§ Activity:
Every entry should be returned exactly. Omit none of them.

§ Material provided:
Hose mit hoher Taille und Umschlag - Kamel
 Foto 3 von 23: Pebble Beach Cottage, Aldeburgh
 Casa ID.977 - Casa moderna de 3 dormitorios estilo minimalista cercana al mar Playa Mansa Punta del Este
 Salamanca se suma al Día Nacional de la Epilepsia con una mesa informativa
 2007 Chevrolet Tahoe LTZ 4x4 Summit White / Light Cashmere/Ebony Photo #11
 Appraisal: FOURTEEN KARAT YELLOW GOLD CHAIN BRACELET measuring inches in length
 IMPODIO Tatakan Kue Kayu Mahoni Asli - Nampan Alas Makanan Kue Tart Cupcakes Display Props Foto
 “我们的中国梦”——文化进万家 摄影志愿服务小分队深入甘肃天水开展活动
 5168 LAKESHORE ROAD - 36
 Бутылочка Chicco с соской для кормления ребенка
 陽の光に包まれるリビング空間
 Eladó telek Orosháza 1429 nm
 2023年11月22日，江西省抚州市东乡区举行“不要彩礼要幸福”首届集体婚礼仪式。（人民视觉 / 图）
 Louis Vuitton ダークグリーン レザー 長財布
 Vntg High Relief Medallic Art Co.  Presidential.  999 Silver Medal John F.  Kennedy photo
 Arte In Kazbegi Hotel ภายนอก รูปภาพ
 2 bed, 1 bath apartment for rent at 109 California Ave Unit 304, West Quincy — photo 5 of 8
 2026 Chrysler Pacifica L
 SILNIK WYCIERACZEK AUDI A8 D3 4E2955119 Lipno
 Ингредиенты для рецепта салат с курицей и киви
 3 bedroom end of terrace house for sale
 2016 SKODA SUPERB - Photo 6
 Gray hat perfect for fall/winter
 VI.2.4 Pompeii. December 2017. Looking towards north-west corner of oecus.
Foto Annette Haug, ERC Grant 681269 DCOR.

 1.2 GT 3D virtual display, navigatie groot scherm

§ Your solution:
Hose mit hoher Taille und Umschlag - Kamel
 Foto 3 von 23: Pebble Beach Cottage, Aldeburgh
 Casa ID.977 - Casa moderna de 3 dormitorios estilo minimalista cercana al mar Playa Mansa Punta del Este
 Salamanca se suma al Día Nacional de la Epilepsia con una mesa informativa
 2007 Chevrolet Tahoe LTZ 4x4 Summit White / Light Cashmere/Ebony Photo #11
 Appraisal: FOURTEEN KARAT YELLOW GOLD CHAIN BRACELET measuring inches in length
 IMPODIO Tatakan Kue Kayu Mahoni Asli - Nampan Alas Makanan Kue Tart Cupcakes Display Props Foto
 “我们的中国梦”——文化进万家 摄影志愿服务小分队深入甘肃天水开展活动
 5168 LAKESHORE ROAD - 36
 Бутылочка Chicco с соской для кормления ребенка
 陽の光に包まれるリビング空間
 Eladó telek Orosháza 1429 nm
 2023年11月22日，江西省抚州市东乡区举行“不要彩礼要幸福”首届集体婚礼仪式。（人民视觉 / 图）
 Louis Vuitton ダークグリーン レザー 長財布
 Vntg High Relief Medallic Art Co.  Presidential.  999 Silver Medal John F.  Kennedy photo
 Arte In Kazbegi Hotel ภายนอก รูปภาพ
 2 bed, 1 bath apartment for rent at 109 California Ave Unit 304, West Quincy — photo 5 of 8
 2026 Chrysler Pacifica L
 SILNIK WYCIERACZEK AUDI A8 D3 4E2955119 Lipno
 Ингредиенты для рецепта салат с курицей и киви
 3 bedroom end of terrace house for sale
 2016 SKODA SUPERB - Photo 6
 Gray hat perfect for fall/winter
 VI.2.4 Pompeii. December 2017. Looking towards north-west corner of oecus.
Foto Annette Haug, ERC Grant 681269 DCOR.

 1.2 GT 3D virtual display, navigatie groot scherm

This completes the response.